Places Project Summary
I copied over this article from the UMass History Dept blog.
I had some basic goals for my Mellon project. I wanted it to be something I could begin and complete in two years. I wanted it to be digital. I wanted it to engage local history and memory. I wanted students with different interests and strengths to have meaningful roles to play. Most of all, I wanted to undertake a humanities project that the pragmatic people of the region would see as useful — if not while I was doing it, then at least when it was done. The long and tortuous history of scholars traveling to Appalachia to study its cultures and leave again seemed like another link in the chain of extractive industries and weighed heavily on me; I hoped to contribute something through my work.
I did not arrive as a scholar of Appalachia. I am not even, strictly speaking, a U.S. historian. Prior to Sewanee, my major research and project experiences were in Northern Ireland. When I discussed this opportunity with David Glassberg, my mentor, he said, “You are a scholar of place and memory whose first project was in Northern Ireland and whose second project will be in Appalachia.” I was given a chance to broaden and deepen both my scholarship and my public history practice. It is a rare and wonderful thing to be handed an opportunity to create a project and to have lots of time and money to make it work. The flip side, of course, is that if it fails, fingers are inevitably going to point at you. Hanging my professional identity on the hook made it all a little scary but exciting.
What made the Places Project particularly significant was the place itself. The South Cumberland plateau is geographically, historically and culturally uniquely illegible — certainly to outsiders but also to residents. Outcroppings, bluffs and coves mark a topographically diverse landscape, leading to the development of very small communities with little or no interaction with one another. It is sparsely populated and is often described in terms of what is wrong with it: poverty, infant mortality, lack of educational and educational opportunity. And it is home to the University of the South, which was founded on the eve of the Civil War by the Southern dioceses of the Episcopal Church so that young men of Southern stock could get a liberal arts education without leaving the region. The university covers 13,000 acres, provides a liberal arts education, is a major employer and represents a place apart, with gates at its main entrance to sever it from surrounding communities.
The idea behind the Places Project was to change the story of “the Mountain.” It invited people to share what mattered to them in a format that brought experiences and narratives together without collapsing them, privileging some over others or pathologizing their tellers. It did not focus on the university community, nor did it exclude it. By collecting stories at fairs, festivals and heritage events, a large cross-section of residents were able to participate. People gathered around the booth, looked at maps, listened to each other and shared stories and memories. In many ways, the open-ended and organic participatory engagements the project made possible actually performed the very functions and forms cultural memory actually takes within community life —- establishing connections, developing usable pasts, bridging the individual and the group and producing a coherent, if oblique, narrative of community values, worries and aspirations.

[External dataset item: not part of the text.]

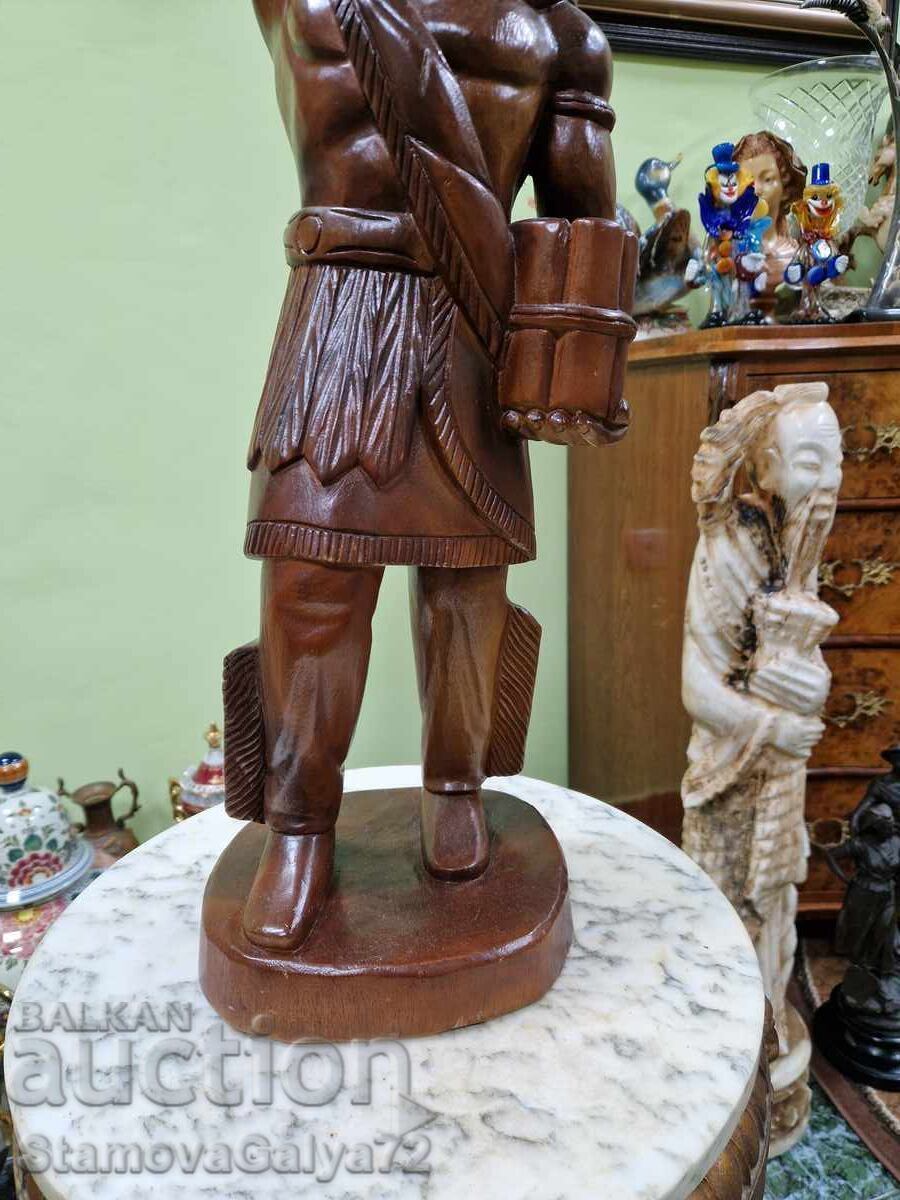 Large Antique Wooden Figure Statuette - 5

The stories themselves ran from quotidian patterns: “This is my favorite place to go for a walk with my mom” to epic life-changing moments: “We got married at this construction site. The Justice of the Peace was the contractor and this was the only time he had to do it, and we really wanted to get married. So now it is our place.” There were many stories of places with historical import — the site of the Irish workingman’s camp in the 1870s, the farms where German prisoners of war labored during World War II, the place where African American convict laborers were housed when they were forced to work in coke ovens, the site of the University’s first spring. Places like the Highlander Folk School, many sites of Jim Crow segregation and a geography of local sites that were erased by the university sit side by side among children’s stories of Grandma’s cooking and memories of the baseball diamond. In this way, controversial places could be reintegrated into the weft and weave of local history.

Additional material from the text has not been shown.